--- Data to process Enclosed Below ---

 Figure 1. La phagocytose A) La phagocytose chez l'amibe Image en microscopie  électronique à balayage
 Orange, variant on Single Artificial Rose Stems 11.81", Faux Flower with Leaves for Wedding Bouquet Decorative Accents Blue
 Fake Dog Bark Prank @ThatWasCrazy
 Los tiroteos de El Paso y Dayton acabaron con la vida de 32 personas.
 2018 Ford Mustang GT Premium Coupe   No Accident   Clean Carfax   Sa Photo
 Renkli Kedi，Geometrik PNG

--- End of Enclosed Data to process ---
--- Data to process Enclosed Below ---

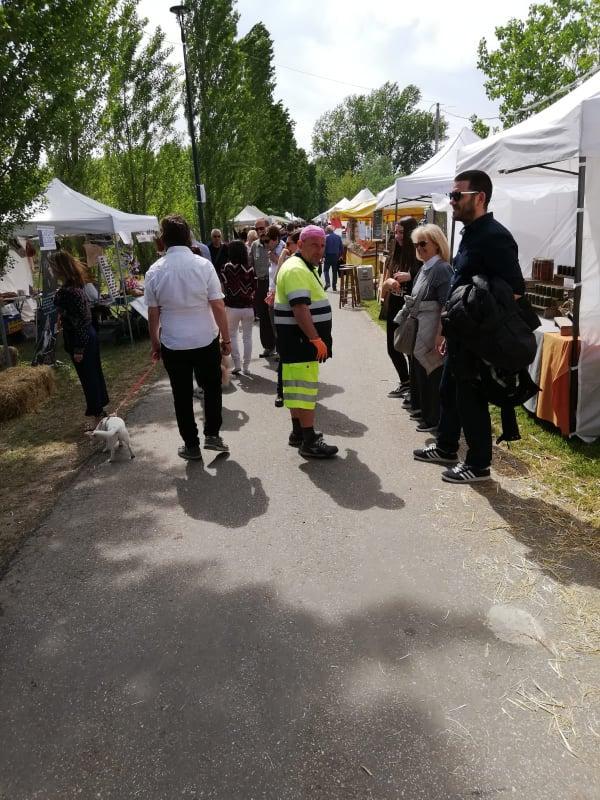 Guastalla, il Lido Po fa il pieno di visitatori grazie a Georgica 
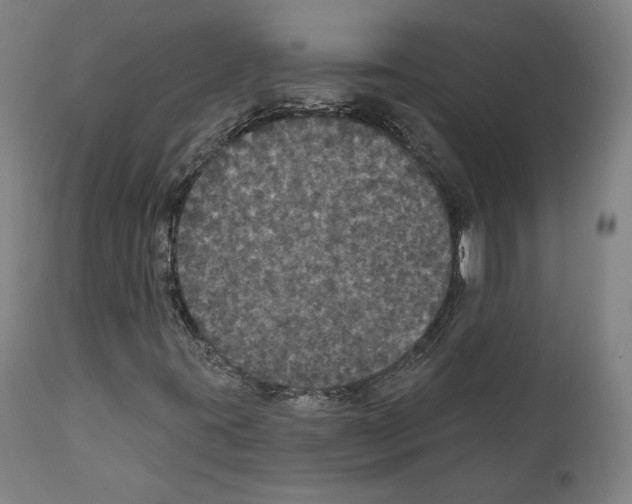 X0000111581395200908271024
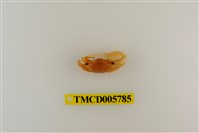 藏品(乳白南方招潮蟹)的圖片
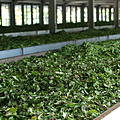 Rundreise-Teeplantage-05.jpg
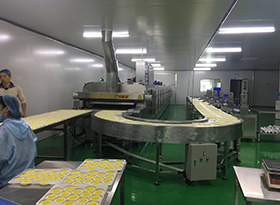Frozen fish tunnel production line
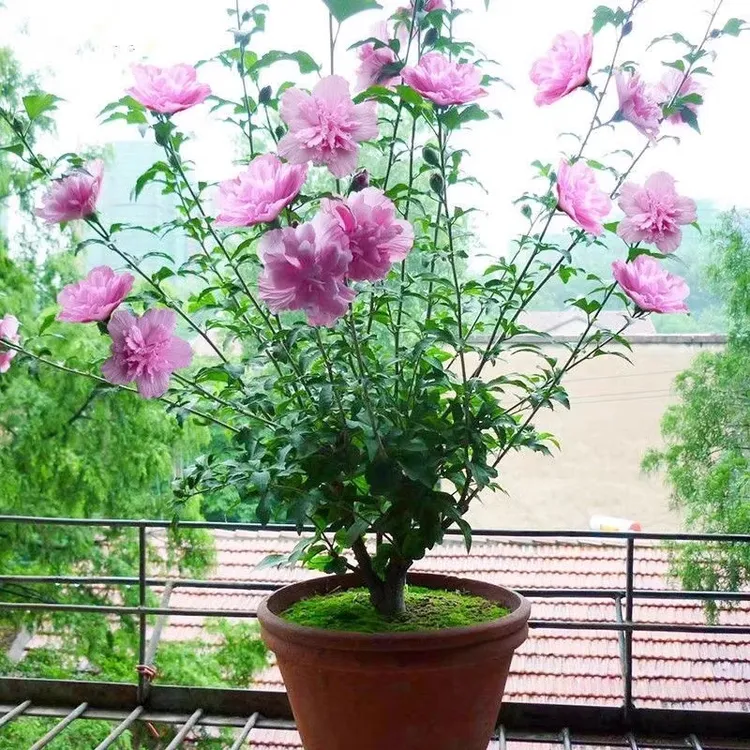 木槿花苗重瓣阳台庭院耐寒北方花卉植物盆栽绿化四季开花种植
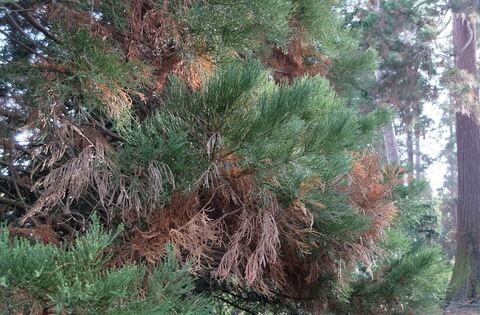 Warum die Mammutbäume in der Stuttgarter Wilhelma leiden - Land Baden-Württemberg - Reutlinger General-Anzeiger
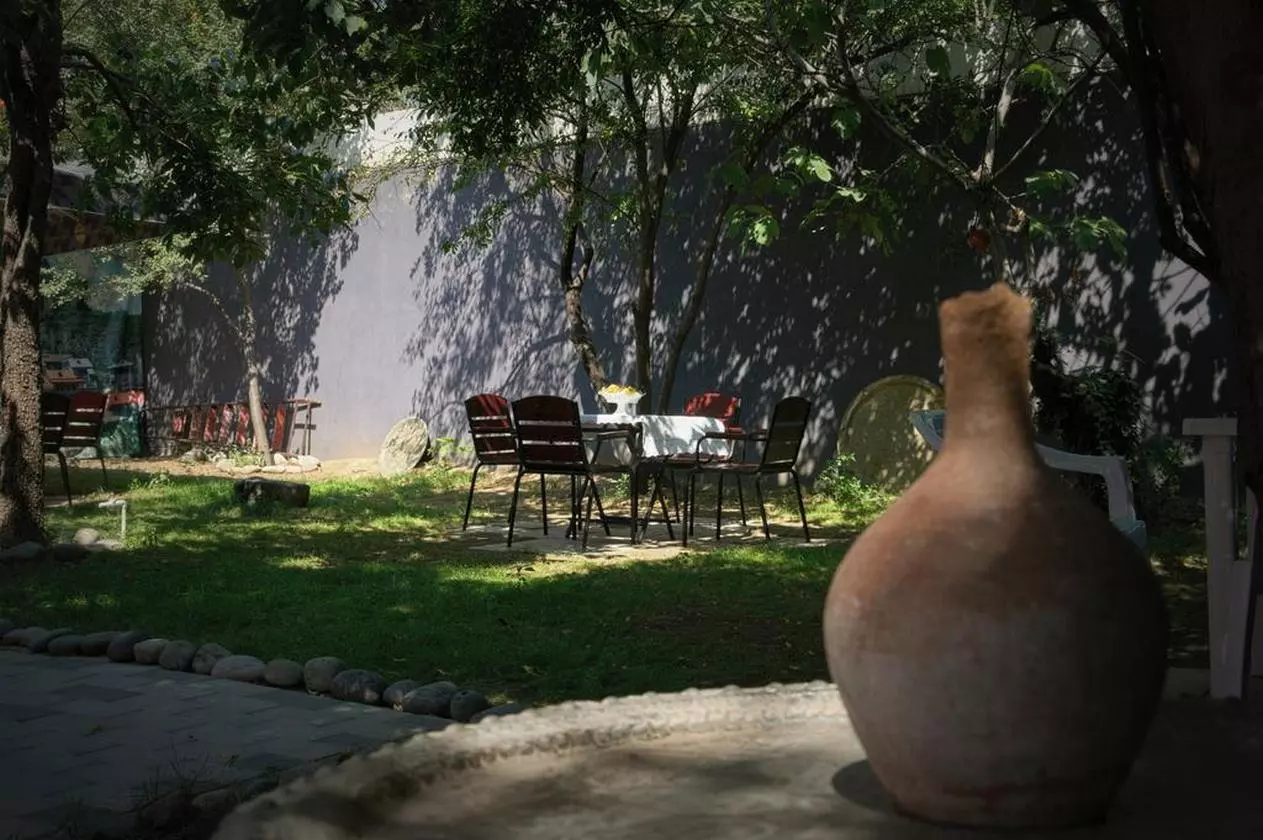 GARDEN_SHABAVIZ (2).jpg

--- End of Enclosed Data to process ---
--- Data to process Enclosed Below ---

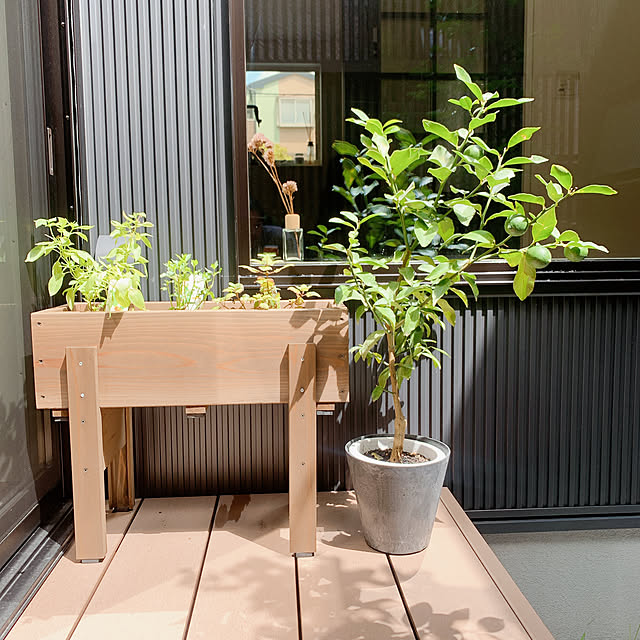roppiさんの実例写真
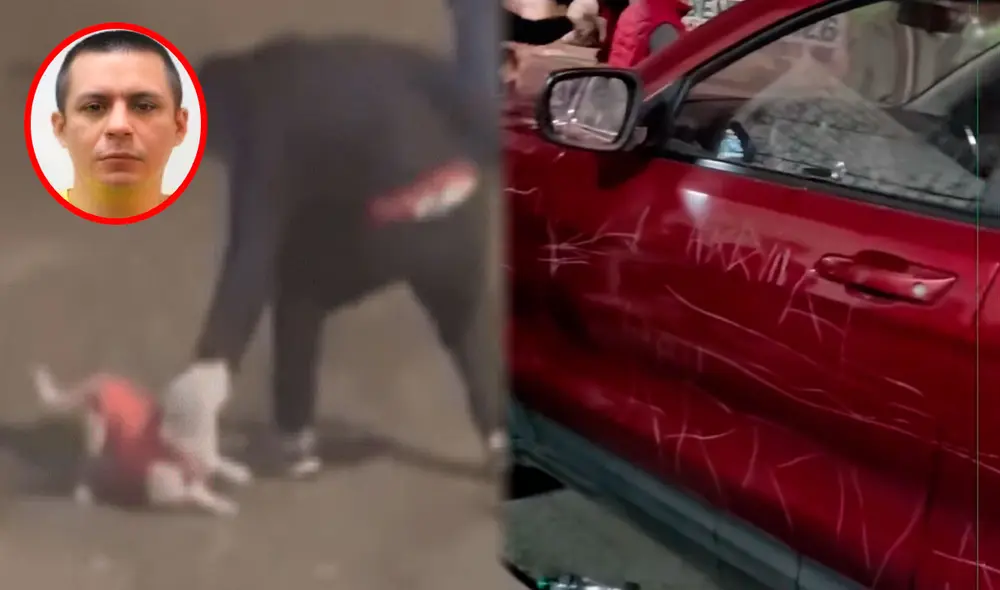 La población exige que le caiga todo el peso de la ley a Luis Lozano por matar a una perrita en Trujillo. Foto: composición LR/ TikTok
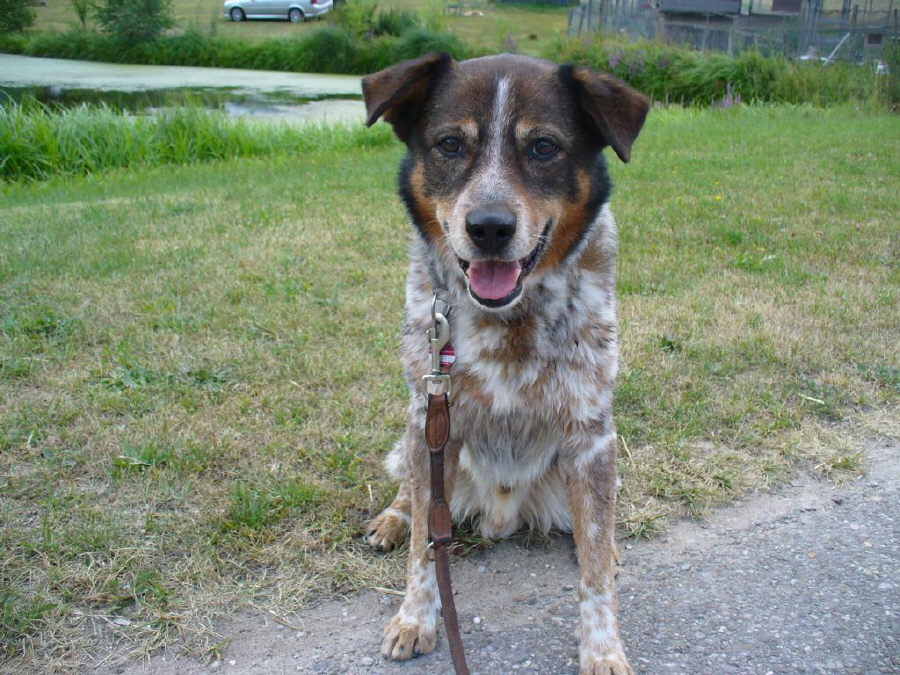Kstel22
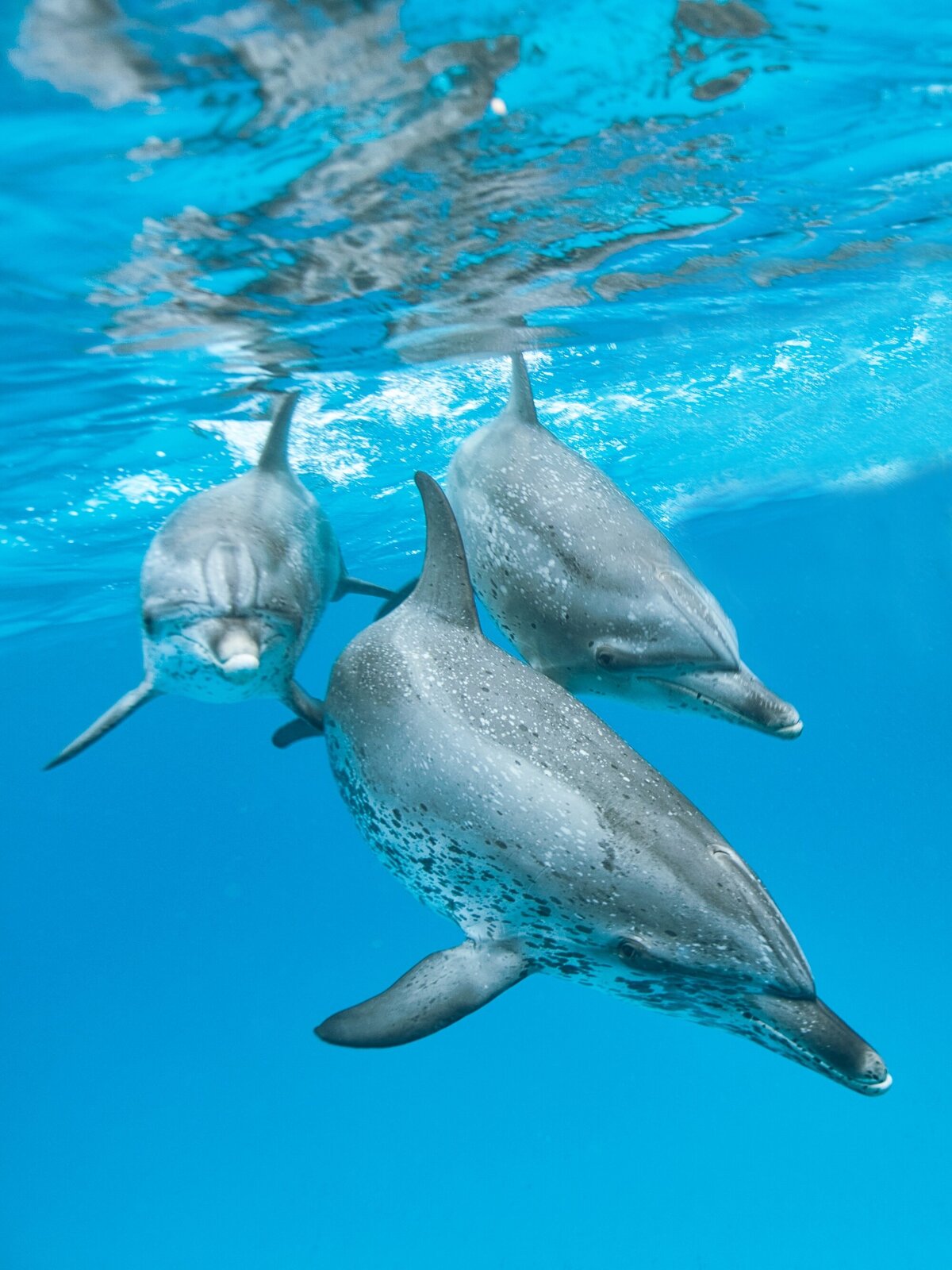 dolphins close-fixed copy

--- End of Enclosed Data to process ---

## What needs to be done
Would you copy out, exactly and with no pictures, only the lines above from the one that contains "藏品(乳白南方招潮蟹)的圖片" through the one that contains "GARDEN_SHABAVIZ (2).jpg"?

## Reply to the exercise
 藏品(乳白南方招潮蟹)的圖片
 Rundreise-Teeplantage-05.jpg
Frozen fish tunnel production line
 木槿花苗重瓣阳台庭院耐寒北方花卉植物盆栽绿化四季开花种植
 Warum die Mammutbäume in der Stuttgarter Wilhelma leiden - Land Baden-Württemberg - Reutlinger General-Anzeiger
 GARDEN_SHABAVIZ (2).jpg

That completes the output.